1 - Facets of contact geometry


‘After a while the style settles down a bit and it begins to tell you things you really need to know.’

Douglas Adams, The Hitch Hiker's Guide to the Galaxy

This opening chapter is not meant as an introduction in the conventional sense (if only because it is much too long for that). Perhaps it would be appropriate to call it a proem, defined by the Oxford English Dictionary as ‘an introductory discourse at the beginning of a book’. Although some basic concepts are introduced along the way, the later chapters are largely independent of the present one. Primarily this chapter gives a somewhat rambling tour of contact geometry.

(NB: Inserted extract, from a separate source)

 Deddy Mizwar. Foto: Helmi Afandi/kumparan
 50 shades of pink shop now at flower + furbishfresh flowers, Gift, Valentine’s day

Specifically, we consider polarities in projective geometry, the Hamiltonian flow of a mechanical system, the geodesic flow of a Riemannian manifold, and Huygens' principle in geometric optics. Contact geometry is the theme that connects these diverse topics. This may serve to indicate that Arnold's claim that ‘contact geometry is all geometry’ ([15], [17]) is not entirely facetious. I also present two remarkable applications of contact geometry to questions in differential and geometric topology: Eliashberg's proof of Cerf's theorem Γ4 = 0 via the classification of contact structures on the 3—sphere, and the proof of Property P for non-trivial knots by Kronheimer and Mrowka, where symplectic fillings of contact manifolds play a key role.